Dataset content:
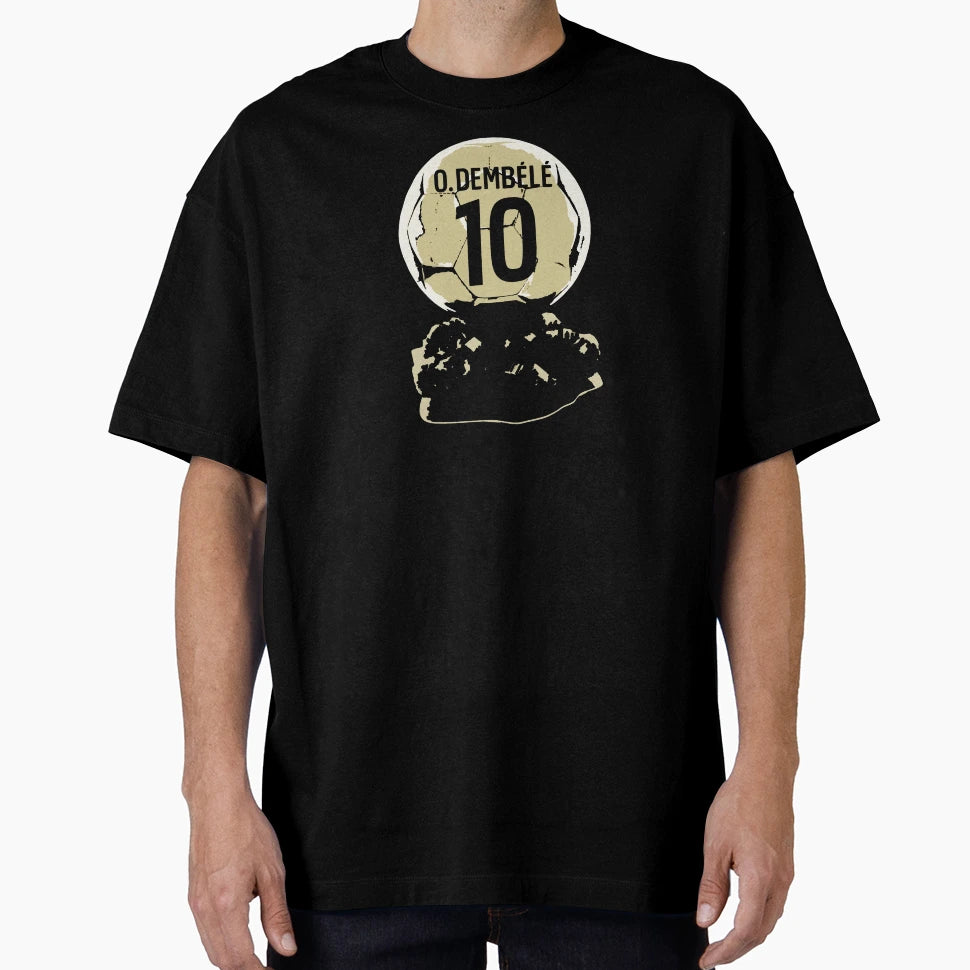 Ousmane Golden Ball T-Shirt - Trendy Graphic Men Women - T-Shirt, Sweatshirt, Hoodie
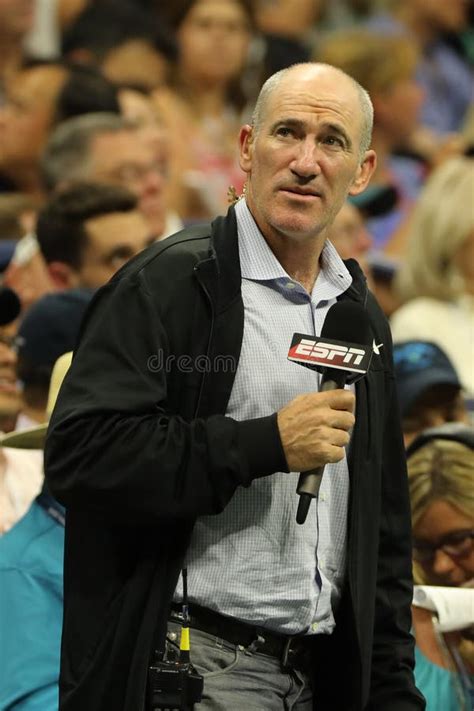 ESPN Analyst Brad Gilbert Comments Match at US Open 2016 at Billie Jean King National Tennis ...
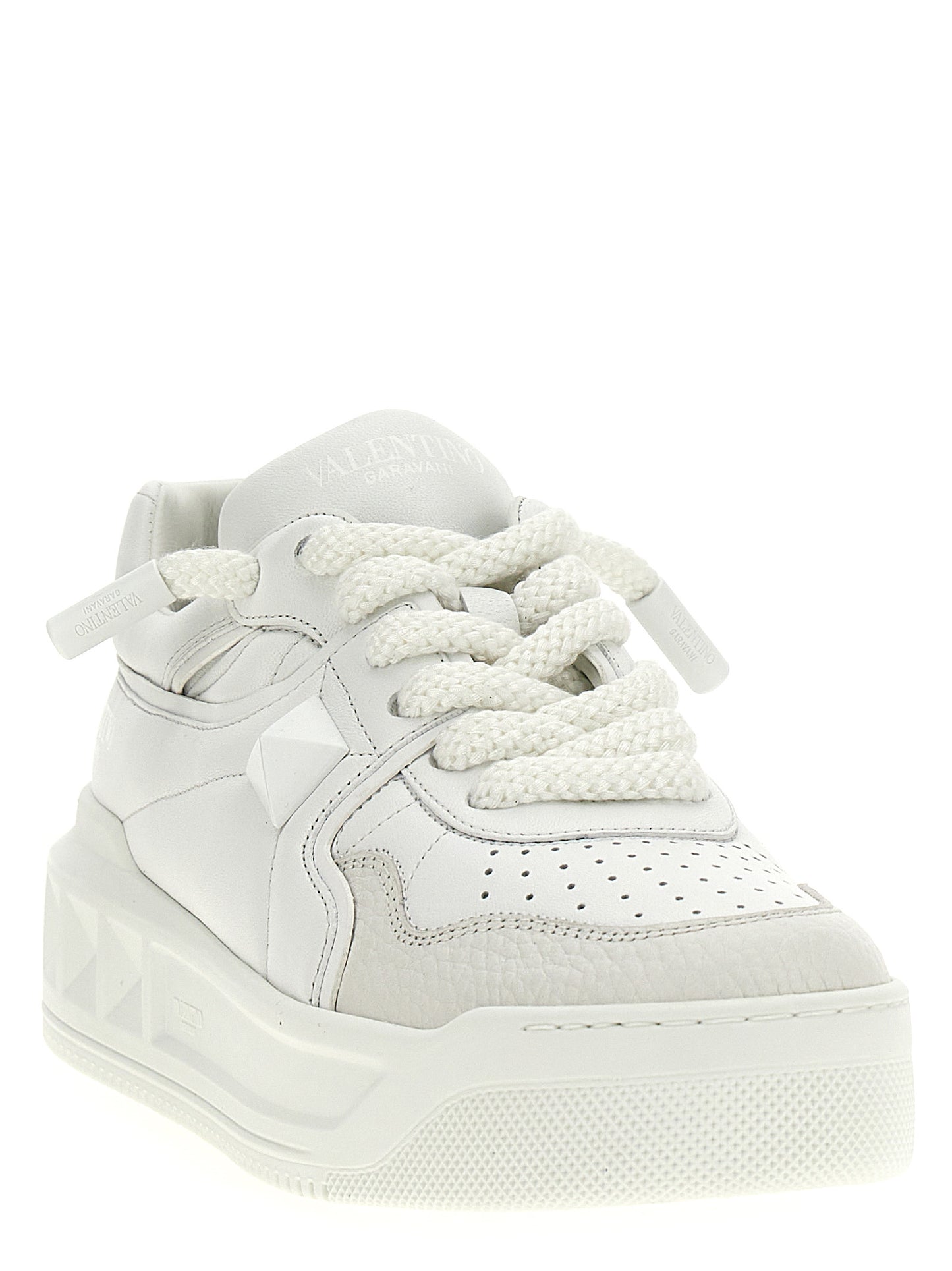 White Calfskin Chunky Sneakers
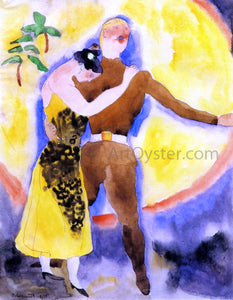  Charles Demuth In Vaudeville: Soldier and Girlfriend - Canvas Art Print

Problem details:
Repeat the material above in full and exactly, apart from the pictures.

Result:
 Ousmane Golden Ball T-Shirt - Trendy Graphic Men Women - T-Shirt, Sweatshirt, Hoodie
 ESPN Analyst Brad Gilbert Comments Match at US Open 2016 at Billie Jean King National Tennis ...
 White Calfskin Chunky Sneakers
  Charles Demuth In Vaudeville: Soldier and Girlfriend - Canvas Art Print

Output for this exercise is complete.